この容貌は主人を大いに興がらせ、一度だけ摩駆のために金を貸すことにし、 
その後、科挙試験に見事受かった摩駆は借りたお金を倍にして返したと言う。
人々はこの話から奴隷から役人まで成り上がった摩駆のことを「怒りによって名を立てた奴隷」、
すなわち「怒名立奴(どなりゅうど)」と呼び、その行いをたたえた。

また摩駆の格好をすることを、その服から「怒名立奴麻竺(どなりゅうどまじく)」と呼んだが、

あまりに目立ち、さらに当時摩駆以外の者はこんな格好をしていなかったため
この格好で悪さを行い、摩駆に罪をなすりつけようとする者が多く現れた。
子供を誘拐するため窓から室内を覗き人々を恐怖に陥れたり、人混みで両手を上げ「乱乱流(らんらんりゅう)!」と叫んだり、
椅子に座って一物をあらわにし、それを見た者に
「你契不契我?」(訳:やらないか?)と声をかけるなどする犯罪が行われ、
事態を重く見た時の皇帝は
怒名立奴麻竺を禁止したと言う。
それでもしばらくは悪さが続いたが、「熊組」と言う自警団によって取締りが強化されてからは犯罪が減ったとされる。
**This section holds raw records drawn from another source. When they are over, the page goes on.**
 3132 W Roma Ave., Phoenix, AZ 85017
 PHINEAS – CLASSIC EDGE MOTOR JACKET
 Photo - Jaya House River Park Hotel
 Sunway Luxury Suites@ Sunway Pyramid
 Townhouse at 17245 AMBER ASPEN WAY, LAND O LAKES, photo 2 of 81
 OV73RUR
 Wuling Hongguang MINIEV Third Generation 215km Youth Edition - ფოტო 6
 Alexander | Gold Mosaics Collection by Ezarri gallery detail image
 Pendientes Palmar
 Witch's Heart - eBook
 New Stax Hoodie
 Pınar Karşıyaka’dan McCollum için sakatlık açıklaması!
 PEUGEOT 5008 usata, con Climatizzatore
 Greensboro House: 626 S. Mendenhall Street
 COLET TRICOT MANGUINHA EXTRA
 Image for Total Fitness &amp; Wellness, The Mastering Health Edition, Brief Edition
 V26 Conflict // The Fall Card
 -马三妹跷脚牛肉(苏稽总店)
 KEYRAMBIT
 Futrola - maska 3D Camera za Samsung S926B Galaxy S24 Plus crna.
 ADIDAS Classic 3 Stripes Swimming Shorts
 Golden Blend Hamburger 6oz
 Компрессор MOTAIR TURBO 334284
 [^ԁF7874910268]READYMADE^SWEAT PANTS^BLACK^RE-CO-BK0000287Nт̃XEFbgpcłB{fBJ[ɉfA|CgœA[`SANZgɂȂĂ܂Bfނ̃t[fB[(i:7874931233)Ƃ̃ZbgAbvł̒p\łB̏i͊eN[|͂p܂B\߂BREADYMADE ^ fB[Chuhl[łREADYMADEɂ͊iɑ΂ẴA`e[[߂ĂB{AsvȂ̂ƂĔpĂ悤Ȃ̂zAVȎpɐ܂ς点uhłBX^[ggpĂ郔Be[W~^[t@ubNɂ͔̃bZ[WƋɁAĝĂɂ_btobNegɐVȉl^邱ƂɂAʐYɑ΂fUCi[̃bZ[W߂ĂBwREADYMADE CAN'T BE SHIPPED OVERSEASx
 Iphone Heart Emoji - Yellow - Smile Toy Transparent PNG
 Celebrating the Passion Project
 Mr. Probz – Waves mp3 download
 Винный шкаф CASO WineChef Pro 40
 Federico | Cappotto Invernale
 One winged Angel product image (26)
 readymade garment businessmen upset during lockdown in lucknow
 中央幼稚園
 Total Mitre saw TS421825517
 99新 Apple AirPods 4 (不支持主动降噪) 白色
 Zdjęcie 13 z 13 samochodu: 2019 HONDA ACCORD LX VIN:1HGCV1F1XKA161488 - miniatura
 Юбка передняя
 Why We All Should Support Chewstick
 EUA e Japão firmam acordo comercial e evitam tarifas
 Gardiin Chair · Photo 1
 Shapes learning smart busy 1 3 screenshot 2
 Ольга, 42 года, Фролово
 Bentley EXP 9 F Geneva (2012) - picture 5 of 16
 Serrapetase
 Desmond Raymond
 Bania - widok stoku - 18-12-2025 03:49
なお、現代でこのような風貌の者がファーストフード店のマスコットとなっているのはこの摩駆が由来となっているのは確かであるが、
あるインターネット掲示板で同じキャラが「やらないか?」と言っているAAがあったり、クマーに殴られたりしているAAがあるのは
この話が由来なのかどうかは定かではない。

民明書房刊『中国奇人列伝第三巻 茂衆~賢達記』より




※過去、某スレに投下したネタの転載です。
※転載にあたり、改行やわかりづらい文章等を少し修正しました。









過去作品掘り出し9作目です。
元ネタはマクドナルドの狂気のピエロ、ドナルドから。ランランルー!
民明書房タイトルも、「モス〜ケンタッキ」とファストフード店絡みになってます。

ちなみにドナルドってもともとの英語圏ではロナルドっていう名前なんですね。夢の国のアヒルと差別化したのかな…


当時はAA全盛期で、ヌケドと呼ばれたマクドナルドのドナルドがクマーに殴られているAAとかがよくありました。
今はスマホでのブラウジングが主流ですが、これだと数行のAAはズレたり表示し切れなかったりしちゃうので
今ではAAは顔文字以外はほぼ廃れてしまった感があります。